• TASK INSTRUCTIONS
Work through the listing below and give again exactly the lines from the one with "帶有電池存儲(chǔ)的光伏系統(tǒng)的一般示意圖" to the one with "xx县青岛啤酒节 (草案)", both ends included. All other lines and all pictures stay out.

• DATA FOR THE TASK
*** Begin section ***
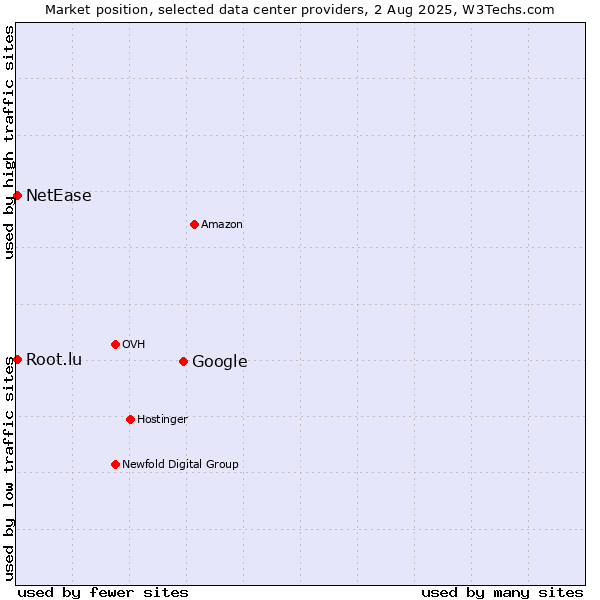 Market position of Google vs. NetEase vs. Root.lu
*** End section ***
*** Begin section ***
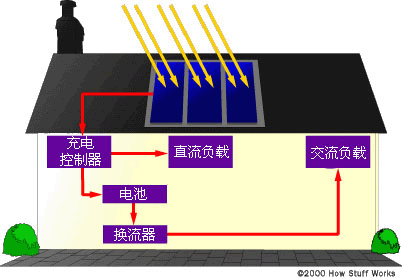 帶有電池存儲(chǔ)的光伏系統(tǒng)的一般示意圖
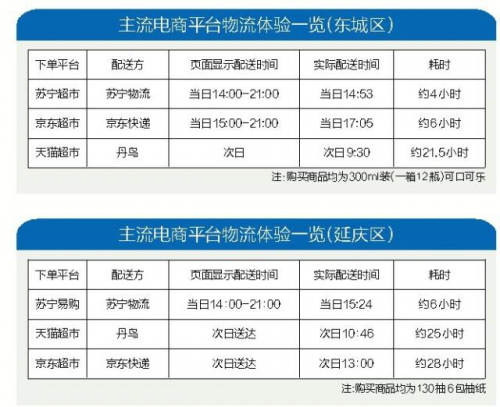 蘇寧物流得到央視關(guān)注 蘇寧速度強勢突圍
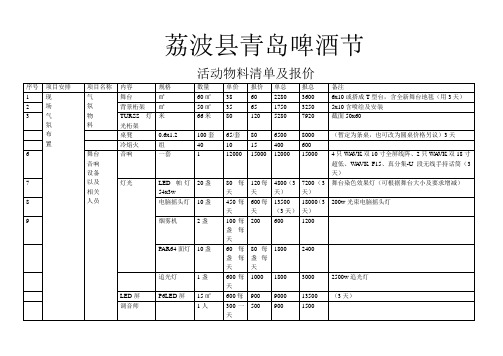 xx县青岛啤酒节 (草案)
*** End section ***
*** Begin section ***
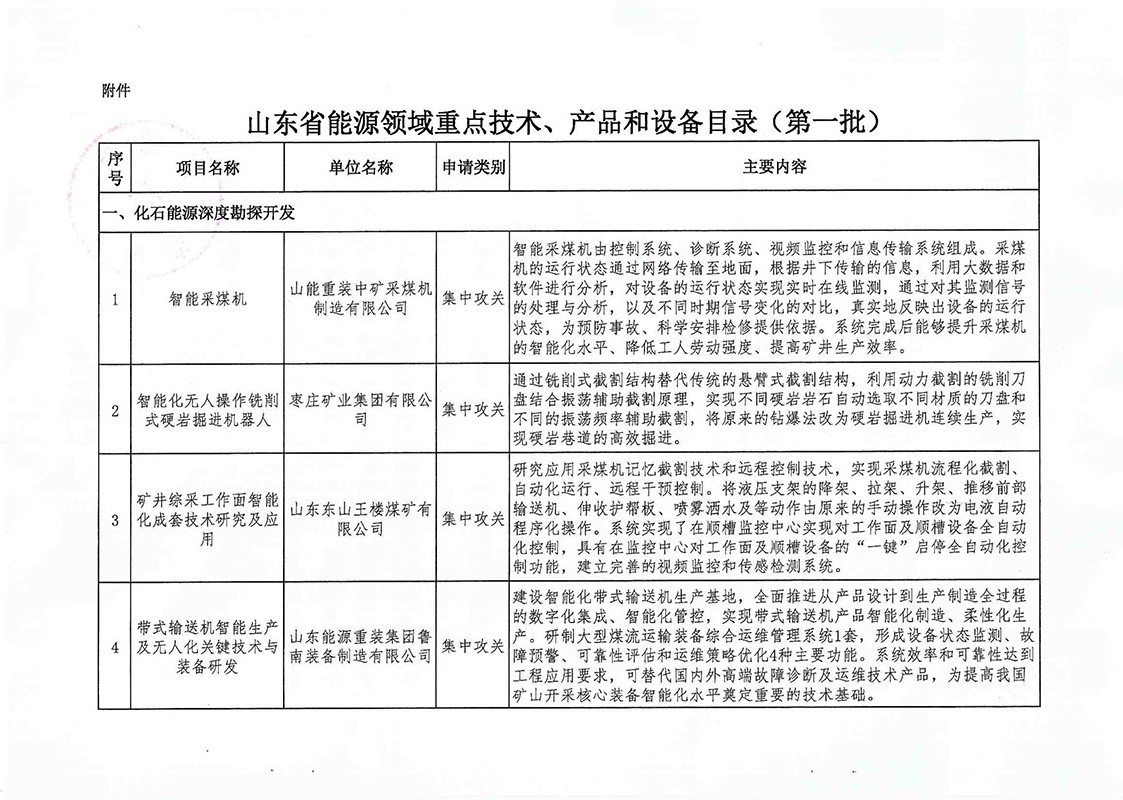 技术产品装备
*** End section ***
• RESULT FOR THIS TASK
 帶有電池存儲(chǔ)的光伏系統(tǒng)的一般示意圖
 蘇寧物流得到央視關(guān)注 蘇寧速度強勢突圍
 xx县青岛啤酒节 (草案)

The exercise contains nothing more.